CF2157I Hyper Smawk Bros

[Vicious Hobo - Break the Targets](https://soundcloud.com/moogle-knights-5-wryyyyy/ez-pz-lemongrab) ⠀ You and Bob are playing Hyper Smawk Bros against each other, facing a single boss with health $ n $ . You and Bob act alternately, and you start. On your turn, you may use an attack that deals an integer amount of damage $ x $ in $ [1, m] $ , replacing $ n $ with $ n - x $ . However, one cannot use the same $ x $ that his opponent just used on the previous turn (on the very first move of the game, any $ x $ in $ [1, m] $ is allowed).
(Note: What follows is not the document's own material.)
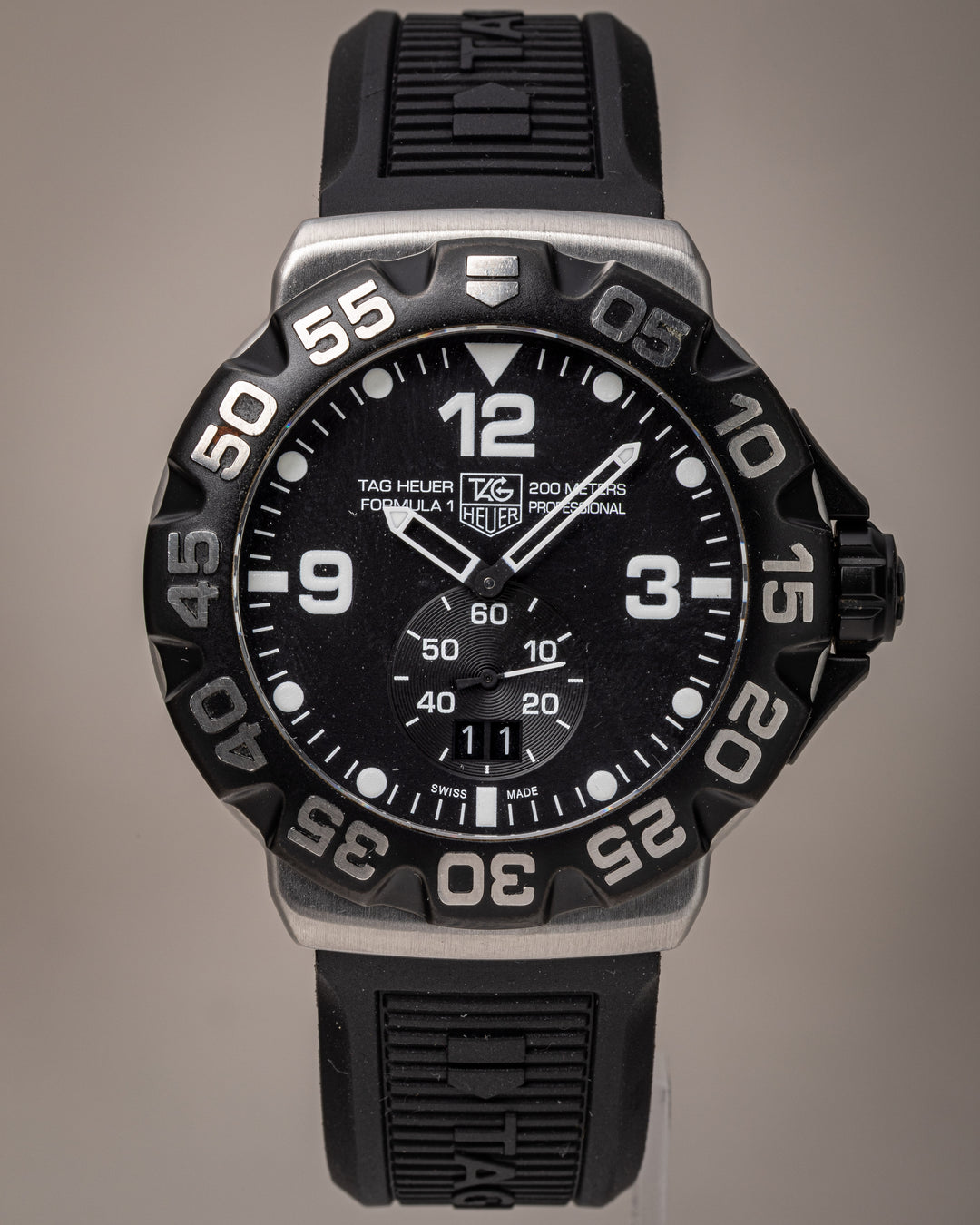 TAG Heuer Stainless Steel Formula 1 Grande Date Quartz (WAH1010)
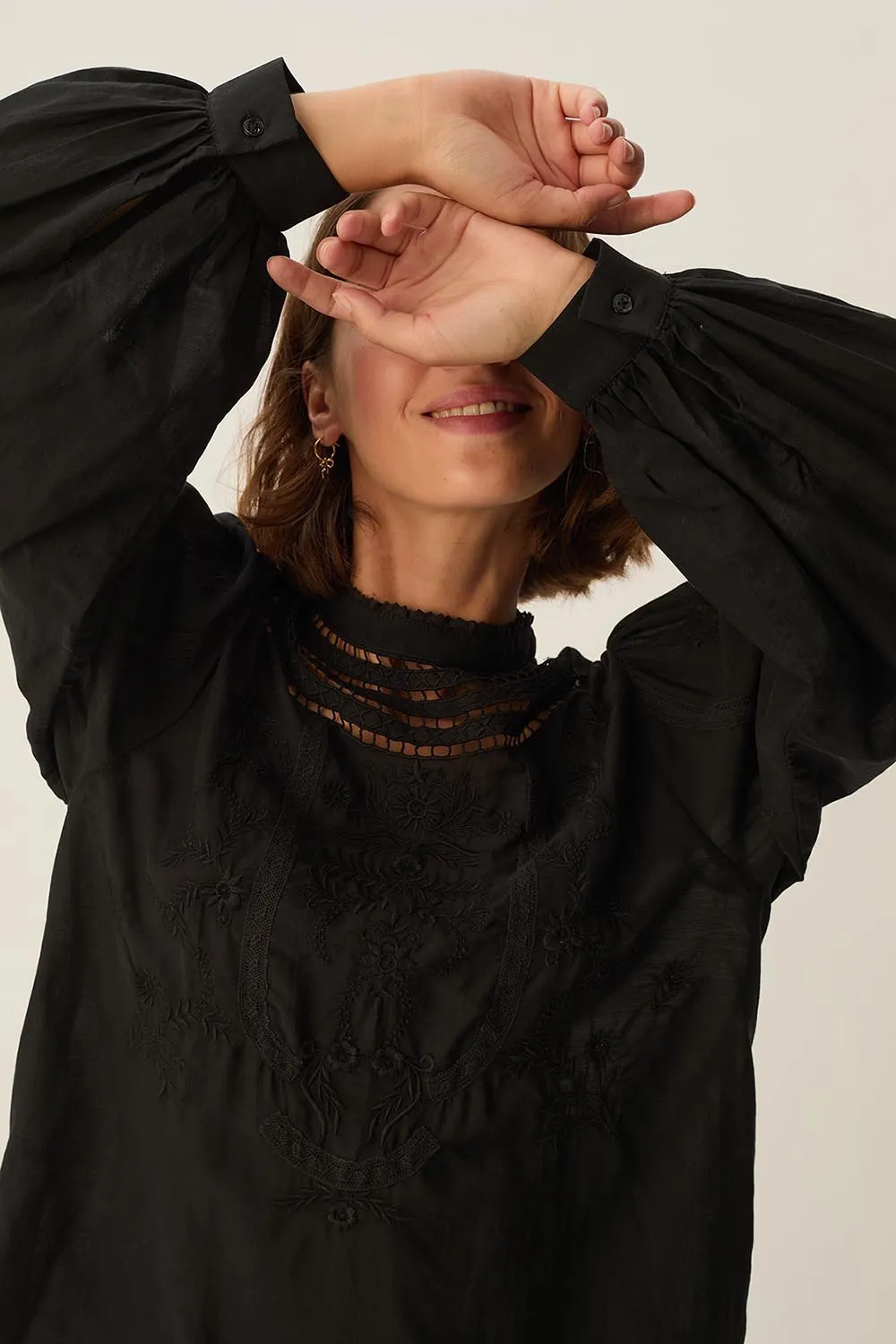 Blouse Ethan Noir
The winner is the first player to reduce the boss's health to $ n \leq 0 $ . Determine whether you can force a win if Bob plays optimally.

Each test contains multiple test cases. The first line contains the number of test cases $ t $ ( $ 1 \le t \le 10^4 $ ). The description of the test cases follows. The only line of each test case contains two integers $ n $ , $ m $ ( $ 1 \le n \le 10^6 $ , $ 2 \leq m \leq 10^6 $ ) — the starting health $ n $ and the maximum damage per attack $ m $ . Note that there are no constraints on the sum of $ n $ over all test cases, and there are no constraints on the sum of $ m $ over all test cases.

For each test case, output $ \texttt{YES} $ if you can force a win against Bob, and $ \texttt{NO} $ otherwise. The judge is case-insensitive (for example, $ \texttt{YES} $ , $ \texttt{Yes} $ , $ \texttt{yes} $ , $ \texttt{yEs} $ will all be recognized as positive answers).

In the first test case, you can win immediately by dealing damage $ 8 $ , so that $ n $ becomes $ 6-8 = -2 \leq 0 $ . In the second test case, - you choose to deal damage $ 10 $ ; - Bob can choose to deal any damage in $ [1, 10] $ different from $ 10 $ ; - then you can choose to deal damage $ 10 $ and win. In the third test case, - either you start by dealing damage $ 1 $ , then Bob must deal damage $ 2 $ , then you must deal damage $ 1 $ , etc.; - or you start by dealing damage $ 2 $ , then Bob must deal damage $ 1 $ , then you must deal damage $ 2 $ , etc. In both cases, you lose.